Cornald travels to Asia to make a name for himself in micro-finance, supported by Kent who has given him contacts to start with. Gregory and Henry divide the rest, and try to keep the business, well, in business. Henry is a true businessman, he knows what he’s doing, Gregory has less business sense, he’s more in it for the money. It’s not long before tragedy starts to strike. Cornald has little success in Asia, and is being extorted and threatened to give up the business secrets of Lear Inc. The dividing of the company has scared investors and stockholders and the stocks are plummeting. Gregory and Henry try within their ability, but they can’t turn the tide.
While this happens Queen Lear tries her best to stay relevant and on top of things, manipulating the people around her as she has always done. But things are changing. Her mind is slipping, she becomes forgetful and doesn’t always recognize people anymore. Alzheimer’s is getting its clutches into her.
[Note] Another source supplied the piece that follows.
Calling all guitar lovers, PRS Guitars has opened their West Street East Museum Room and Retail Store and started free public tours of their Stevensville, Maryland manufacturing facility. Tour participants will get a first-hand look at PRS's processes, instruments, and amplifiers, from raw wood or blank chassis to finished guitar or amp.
This is good for Kent, as this allows him to stick around and try to help her, and Cornald, for whom he has a soft spot.
Besides Kent there is also Oleg, Queen Lear personal assistant and caretaker. He’s a young immigrant from Eastern Europe who sends most of the money he makes back home to his mother. Because of that, he feels deeply for Queen Lear as she reminds him of his own mother. This is not explicitly said in the play, but we had the luck that the introduction to the play was an interview with Vanja Rukavina, who plays Oleg, which gave us some extra insight into his character and the relationship between him and Queen Lear.
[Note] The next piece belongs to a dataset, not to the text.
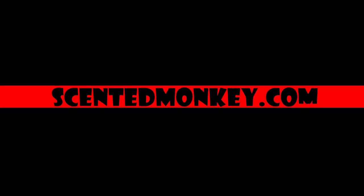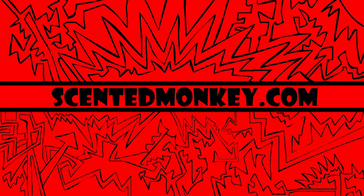Designer authentic beauty products at affordable prices, ScentedMonkey.com. We're here from ScentedMonkey.com with a Danish cologne. This is Royal Copenhagen.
As the business is going under, Queen Lear is forced to cull the number of servants. She protests heavily but both brothers will not budge. Oleg calls his mother to tell her that he will not be able to send more money as the business is not doing well. We can’t understand this, as the conversation is in Bosnian, but Rukavina lifted the veil on that for those who were at the introduction 🙂
After the call, Queen Lear comes in, dejected, angry, confused, and in need of kindness and love. Her underlying attraction to Oleg comes to the surface and she tries to seduce him. While unwilling at first, he eventually consents and they end up in bed together.
This scene was added at the specific request of Frieda Pittoors, who wanted to explore a relationship that is still often seen as taboo. Older men with young trophy wives or lovers are generally applauded for landing such a conquest, while an older woman with a young boyfriend or husband is seen as weird.
After another argument with her sons and their wives, Queen Lear runs out of the building, into a terrible storm. She wanders around, lost, desolate and in the grip of her disease. She throws a monologue into the storm before she is found by Oleg who tries to take her home. They meet a homeless junk who she, in her delirium, mistakes for her youngest son Cornald (not quite coincidentally played by the same actor :D).
Eventually, Queen Lear is back home, still lost in her mind. Cornald has returned home, but she does not recognise him. The children fight over the downfall of the company. Henry has a plan to save what remains, Gregory is mostly on board, but Cornald disagrees. Kent is also present, still blinded from an earlier fight where Gregory attacked him. And so, with all present, tension mounts, drama unfolds and we move towards the inevitable tragedy of death, and a woman permanently lost in her own mind.
The play is a masterful adaptation of the original. The changes have made the story stronger, and relevant for current society. The actors are all quite good, but Frieda Pittoors knocks her part out of the park, she is fantastic. She manages to convey the loss of self through Alzheimer so very well.